Parallel Processing

To speed up processing, certain tasks can be executed in parallel. Care must be taken when writing from multiple threads to a database to avoid locking issues. The speedup achieved by parallel processing depends on many factors, such as I/O on the database, number of available cores, network latency, and so on.

Two options are available for parallel processing of data:

ParallelTaskGroup

Similar to TaskGroup, the class ParallelTaskGroup allows grouping Task together.

While TaskGroup executes the assigned tasks sequentially and finishes when the last task in the chain is finished, the ParallelTaskGroup runs them in parallel and waits for all contained tasks to finish before aggregating statistics and finishing itself.

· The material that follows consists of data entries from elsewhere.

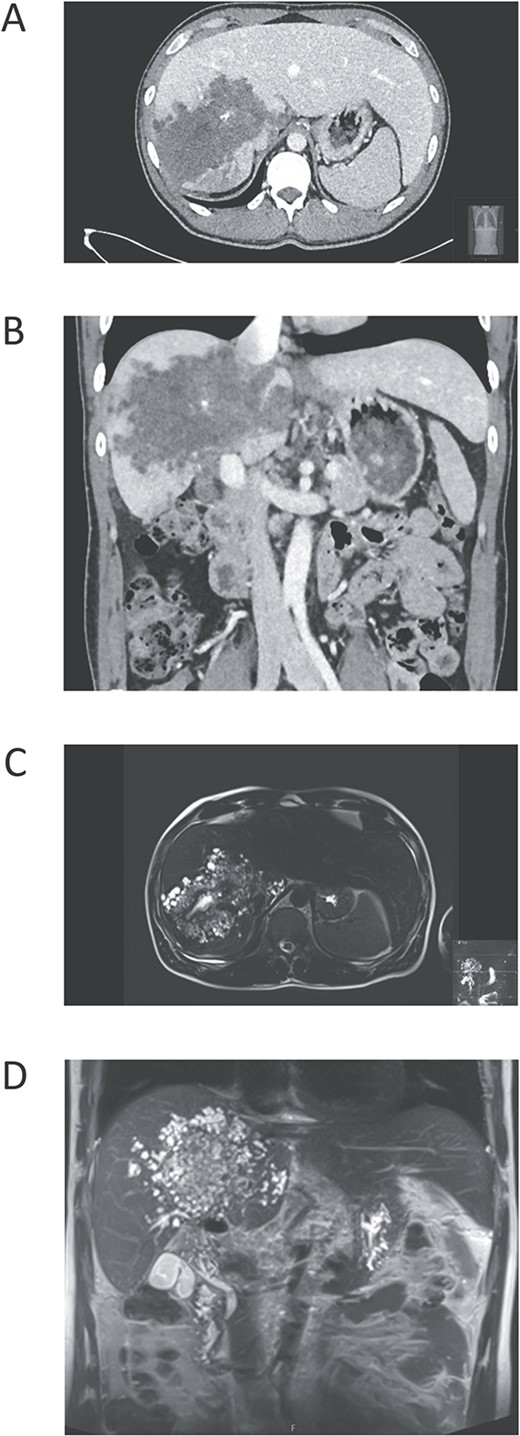 Pre-operative images of the liver. (A) Contrast-enhanced computed tomography (CT) in axial plane demonstrating a large irregular tumour mass, with central calcifications, in all segments of the right liver lobe and also affecting liver segments 1 and 4. (B) CT in coronal plane illustrating that the mass surrounds vena cava inferior. (C) Magnetic resonance imaging (MRI) T2-weighted in transversal plane depicts the typical features of Echinococcus multilocularis as a microcystic mass. (d) MRI T2-weighted image in coronal plane showing both the microcystic appearance of the tumour and also visualizing the localization above the gallbladder and the extrahepatic bile ducts.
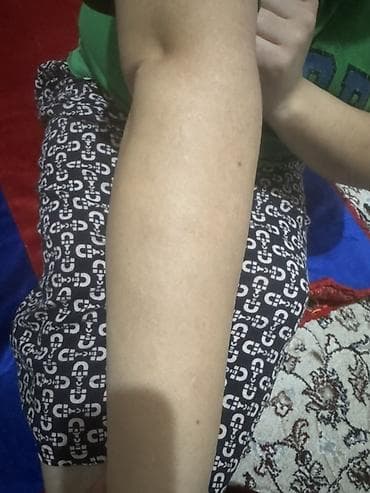 удаление попиломы: Нужны модели на шугаринг,буду делать дома.Оплата только за материал — 2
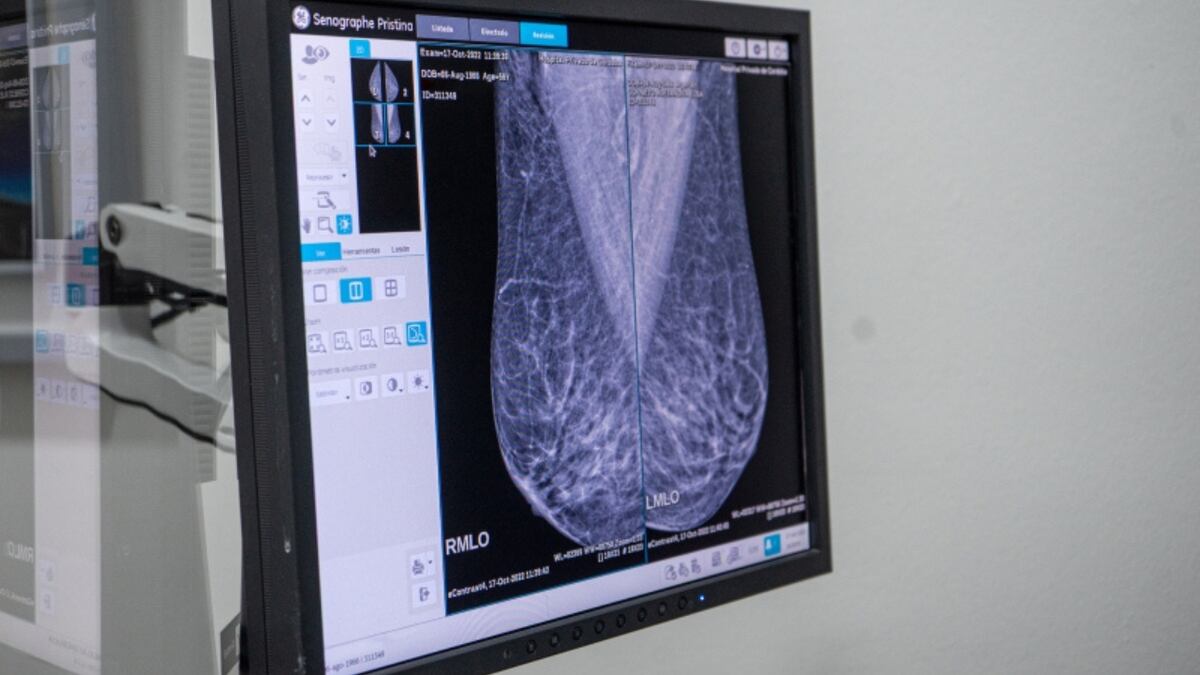 Cáncer de mama en Córdoba: es curable en el 90% de los casos detectados de manera temprana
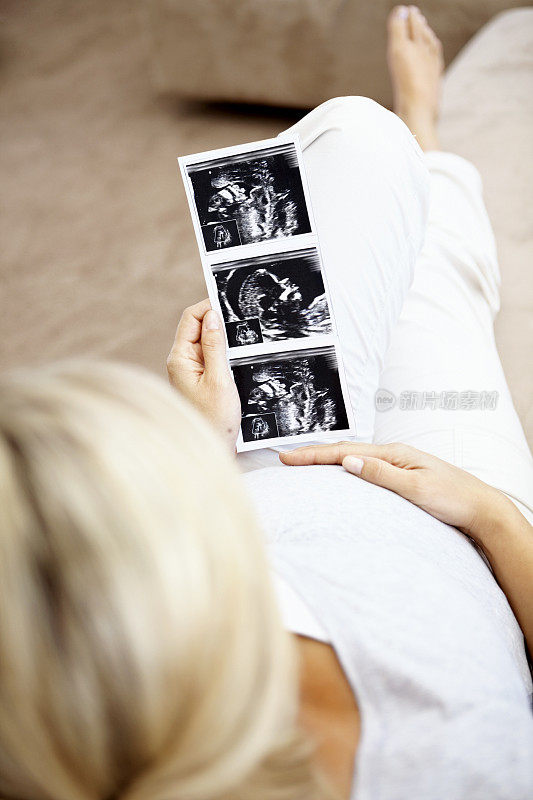 抱着胎儿超声波图的孕妇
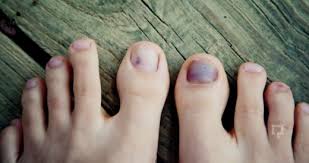 Tirnak Morarmasina Ne Iyi Gelir Morarma Com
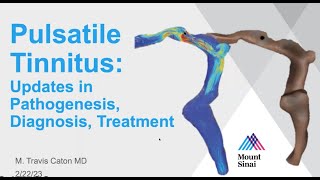 Pulsatile Tinnitus: Updates in Pathogenesis, Diagnosis, Treatment, Travis Caton, MD 02.22.2023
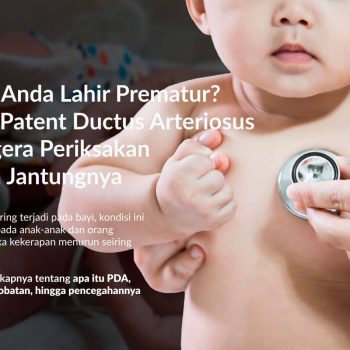 Patent Ductus Arteriosus (PDA): Kenali Gejala, Penanganan, dan Pencegahannya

This is an easy way to parallelize when the tasks are not touching the same part of the graph.

Mix and Batch

This approach especially helps when loading relationships. It follows the Mix and batch technique by splitting the incoming data into non-overlapping batches and processing these batches in parallel.

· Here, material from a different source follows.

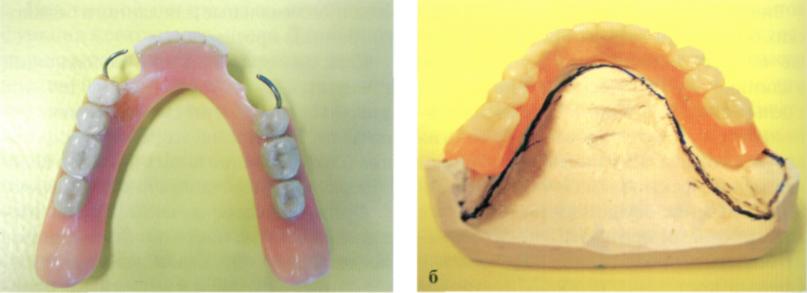 Границы пластиночного протеза. Базис пластиночного протеза. Границы базиса полного съемного протеза на верхней челюсти. Границы базиса частичного съемного пластиночного протеза. Границы съемного пластиночного протеза на нижней челюсти.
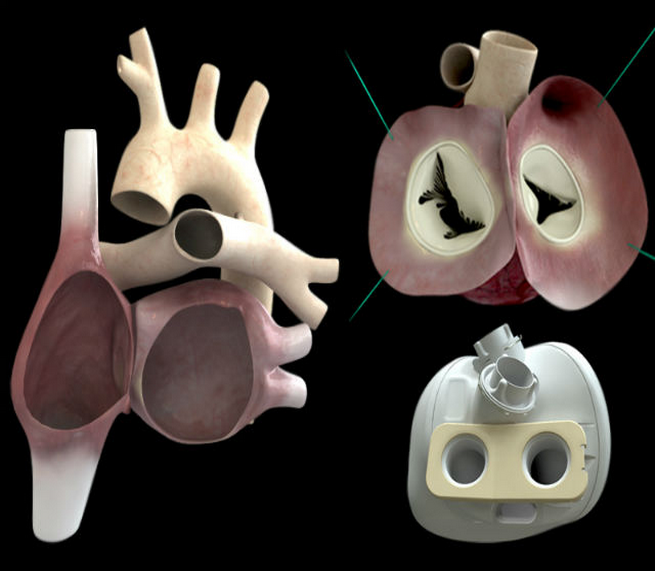 Имплант сердца. Искусственное сердце протез. Искусственные органы человека. Имплантируемые искусственные органы.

For this, the SplittingBatchProcessor splits incoming batches into non-overlapping groups using a provided ID extractor. The ParallelBatchProcessor then processes these batches in parallel.

ID extractors

Two extractors are provided:

tuple_id_extractor() extracts IDs from a tuple
dict_id_extractor() extracts IDs from a dict / map

Custom extractors can be supplied. Range validation (0 <= row,col < table_size) is performed by the splitter.

Parameters that influence parallelism

table_size — size of the bucketing grid and number of diagonal partitions. Also acts as an upper bound for parallelism (often set equal to max_workers).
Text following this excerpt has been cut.